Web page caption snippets
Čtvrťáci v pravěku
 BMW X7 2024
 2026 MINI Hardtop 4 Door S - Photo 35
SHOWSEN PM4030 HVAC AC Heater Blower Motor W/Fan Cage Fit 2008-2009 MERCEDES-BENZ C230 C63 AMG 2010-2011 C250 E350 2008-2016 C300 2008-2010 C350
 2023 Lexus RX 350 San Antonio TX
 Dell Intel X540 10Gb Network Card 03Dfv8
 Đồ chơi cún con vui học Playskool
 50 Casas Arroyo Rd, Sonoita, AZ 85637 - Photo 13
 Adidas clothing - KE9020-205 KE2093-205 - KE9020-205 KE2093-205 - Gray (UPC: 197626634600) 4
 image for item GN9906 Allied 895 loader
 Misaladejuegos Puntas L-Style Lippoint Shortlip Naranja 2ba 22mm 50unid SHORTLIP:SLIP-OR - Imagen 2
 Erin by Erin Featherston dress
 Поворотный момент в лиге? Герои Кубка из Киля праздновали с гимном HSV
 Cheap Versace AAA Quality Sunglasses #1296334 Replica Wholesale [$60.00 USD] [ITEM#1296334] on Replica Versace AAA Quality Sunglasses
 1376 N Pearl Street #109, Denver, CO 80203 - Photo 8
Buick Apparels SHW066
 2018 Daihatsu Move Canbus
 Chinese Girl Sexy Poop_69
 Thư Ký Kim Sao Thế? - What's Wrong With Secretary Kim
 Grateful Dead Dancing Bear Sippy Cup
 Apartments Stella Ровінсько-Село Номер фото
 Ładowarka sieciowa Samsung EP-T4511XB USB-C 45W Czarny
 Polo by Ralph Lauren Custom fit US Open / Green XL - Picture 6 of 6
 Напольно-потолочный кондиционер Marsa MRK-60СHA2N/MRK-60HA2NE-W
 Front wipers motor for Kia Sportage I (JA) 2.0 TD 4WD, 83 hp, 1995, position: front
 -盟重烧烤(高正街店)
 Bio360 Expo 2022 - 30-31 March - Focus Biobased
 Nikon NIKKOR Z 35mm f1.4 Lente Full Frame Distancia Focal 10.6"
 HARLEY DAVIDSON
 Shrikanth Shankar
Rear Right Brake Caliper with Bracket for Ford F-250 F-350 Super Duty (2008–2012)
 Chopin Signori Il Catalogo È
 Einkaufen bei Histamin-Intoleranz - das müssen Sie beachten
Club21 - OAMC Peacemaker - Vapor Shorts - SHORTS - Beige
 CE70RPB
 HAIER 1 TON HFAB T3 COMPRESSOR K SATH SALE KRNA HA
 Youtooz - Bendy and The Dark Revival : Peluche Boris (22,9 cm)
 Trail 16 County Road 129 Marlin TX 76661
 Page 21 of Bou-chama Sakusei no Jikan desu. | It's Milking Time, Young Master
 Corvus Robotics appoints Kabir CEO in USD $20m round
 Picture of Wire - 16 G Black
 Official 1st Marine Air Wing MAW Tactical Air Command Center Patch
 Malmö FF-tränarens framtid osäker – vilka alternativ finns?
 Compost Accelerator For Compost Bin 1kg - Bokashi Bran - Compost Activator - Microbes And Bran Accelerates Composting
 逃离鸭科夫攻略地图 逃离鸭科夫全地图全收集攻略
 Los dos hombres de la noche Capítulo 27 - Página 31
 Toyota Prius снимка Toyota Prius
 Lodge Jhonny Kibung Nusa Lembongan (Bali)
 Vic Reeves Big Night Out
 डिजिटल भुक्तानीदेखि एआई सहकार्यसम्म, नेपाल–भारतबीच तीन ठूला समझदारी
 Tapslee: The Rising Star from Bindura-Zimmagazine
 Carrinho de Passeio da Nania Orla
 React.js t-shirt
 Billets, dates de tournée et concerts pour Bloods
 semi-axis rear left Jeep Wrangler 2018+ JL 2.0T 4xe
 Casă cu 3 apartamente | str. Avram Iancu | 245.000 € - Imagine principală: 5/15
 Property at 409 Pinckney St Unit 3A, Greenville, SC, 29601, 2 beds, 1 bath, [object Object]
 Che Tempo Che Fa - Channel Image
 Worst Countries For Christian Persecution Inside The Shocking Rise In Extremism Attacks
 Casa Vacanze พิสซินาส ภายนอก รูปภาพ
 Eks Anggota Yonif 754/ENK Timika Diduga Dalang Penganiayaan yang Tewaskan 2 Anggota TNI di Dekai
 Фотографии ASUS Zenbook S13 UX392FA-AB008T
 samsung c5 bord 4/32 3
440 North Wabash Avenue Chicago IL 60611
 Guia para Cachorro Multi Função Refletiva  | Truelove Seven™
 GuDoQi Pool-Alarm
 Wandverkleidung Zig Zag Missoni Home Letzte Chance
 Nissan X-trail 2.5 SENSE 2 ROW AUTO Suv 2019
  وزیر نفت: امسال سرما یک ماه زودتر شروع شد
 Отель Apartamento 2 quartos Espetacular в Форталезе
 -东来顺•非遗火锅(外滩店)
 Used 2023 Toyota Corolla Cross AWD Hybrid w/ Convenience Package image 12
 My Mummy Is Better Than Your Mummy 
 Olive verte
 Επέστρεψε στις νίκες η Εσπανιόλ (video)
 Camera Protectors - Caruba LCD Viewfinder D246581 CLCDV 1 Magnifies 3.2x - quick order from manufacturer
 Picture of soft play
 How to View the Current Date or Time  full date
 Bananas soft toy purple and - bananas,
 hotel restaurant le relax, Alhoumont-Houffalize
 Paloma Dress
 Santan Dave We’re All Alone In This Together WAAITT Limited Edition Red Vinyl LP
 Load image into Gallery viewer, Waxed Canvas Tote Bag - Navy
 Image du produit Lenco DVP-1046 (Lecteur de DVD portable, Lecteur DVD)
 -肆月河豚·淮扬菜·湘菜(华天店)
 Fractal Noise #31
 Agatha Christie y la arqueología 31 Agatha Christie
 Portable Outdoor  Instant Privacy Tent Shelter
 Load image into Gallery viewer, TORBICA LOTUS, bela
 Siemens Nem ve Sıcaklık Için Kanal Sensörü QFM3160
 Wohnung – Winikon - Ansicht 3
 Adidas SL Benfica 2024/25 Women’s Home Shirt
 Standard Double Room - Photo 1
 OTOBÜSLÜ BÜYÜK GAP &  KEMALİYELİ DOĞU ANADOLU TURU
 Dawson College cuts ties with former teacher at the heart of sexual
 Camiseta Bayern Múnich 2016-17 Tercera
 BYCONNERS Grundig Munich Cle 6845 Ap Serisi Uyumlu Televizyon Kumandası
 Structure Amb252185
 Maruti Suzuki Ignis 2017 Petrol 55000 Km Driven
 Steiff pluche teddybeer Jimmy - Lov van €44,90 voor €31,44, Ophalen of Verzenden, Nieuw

PROBLEM STATEMENT: Could you give again exactly the lines from the line containing "Standard Double Room - Photo 1" through the final line of the data above, and no others?

WRITTEN ANSWER:
 Standard Double Room - Photo 1
 OTOBÜSLÜ BÜYÜK GAP &  KEMALİYELİ DOĞU ANADOLU TURU
 Dawson College cuts ties with former teacher at the heart of sexual
 Camiseta Bayern Múnich 2016-17 Tercera
 BYCONNERS Grundig Munich Cle 6845 Ap Serisi Uyumlu Televizyon Kumandası
 Structure Amb252185
 Maruti Suzuki Ignis 2017 Petrol 55000 Km Driven
 Steiff pluche teddybeer Jimmy - Lov van €44,90 voor €31,44, Ophalen of Verzenden, Nieuw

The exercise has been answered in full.